Exercise instructions
After locating the line that contains "Anthurium Queen of", transcribe exactly that line and each one after it until the data ends, skipping pictures.

Given material
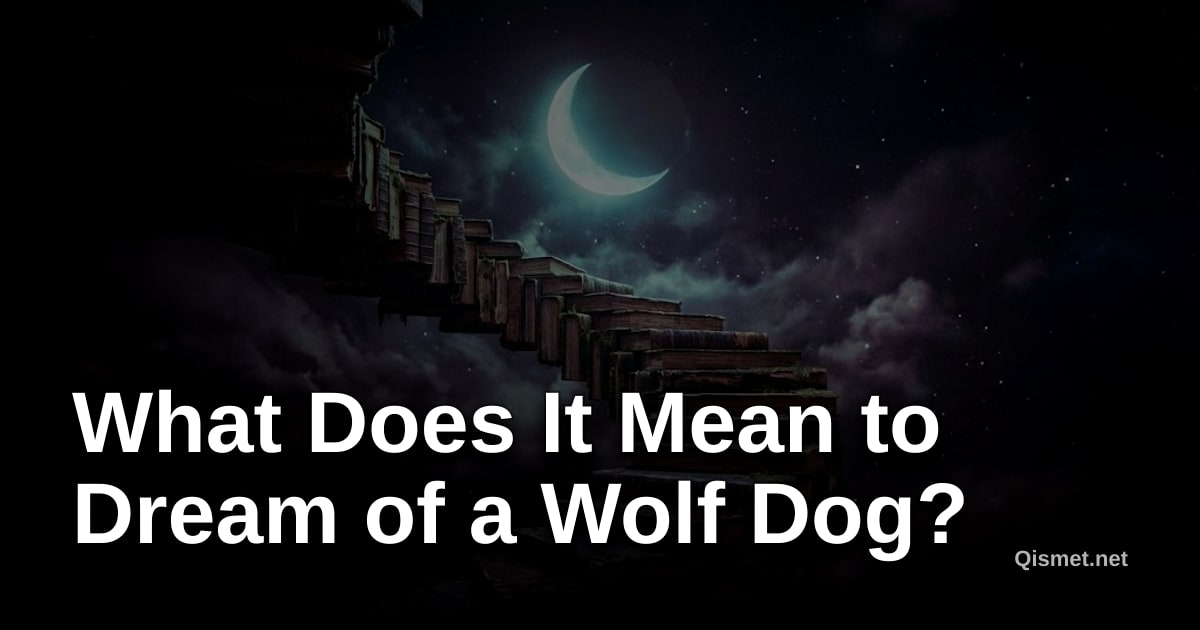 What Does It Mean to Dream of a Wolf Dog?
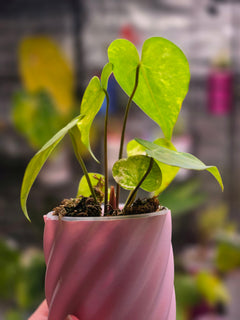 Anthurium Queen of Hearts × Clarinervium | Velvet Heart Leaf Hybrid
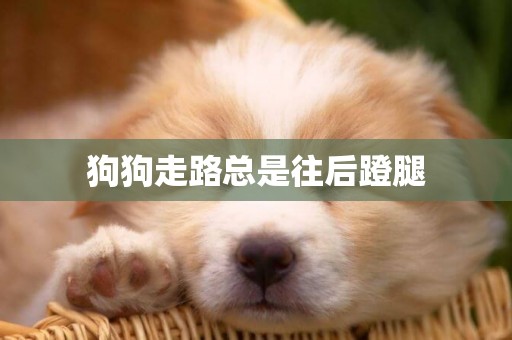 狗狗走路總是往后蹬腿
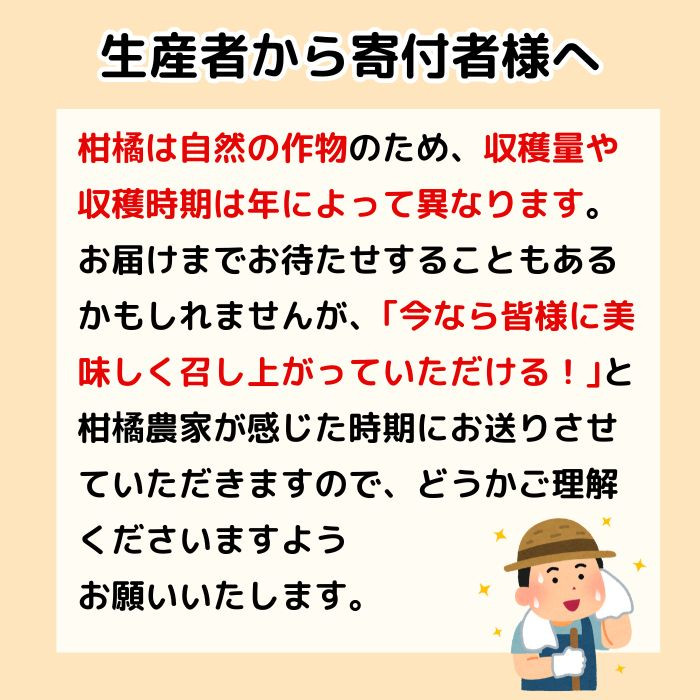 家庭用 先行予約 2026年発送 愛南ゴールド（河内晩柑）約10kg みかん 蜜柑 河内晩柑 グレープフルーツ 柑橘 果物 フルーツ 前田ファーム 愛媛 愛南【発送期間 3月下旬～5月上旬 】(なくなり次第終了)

Exercise solution
 Anthurium Queen of Hearts × Clarinervium | Velvet Heart Leaf Hybrid
 狗狗走路總是往后蹬腿
 家庭用 先行予約 2026年発送 愛南ゴールド（河内晩柑）約10kg みかん 蜜柑 河内晩柑 グレープフルーツ 柑橘 果物 フルーツ 前田ファーム 愛媛 愛南【発送期間 3月下旬～5月上旬 】(なくなり次第終了)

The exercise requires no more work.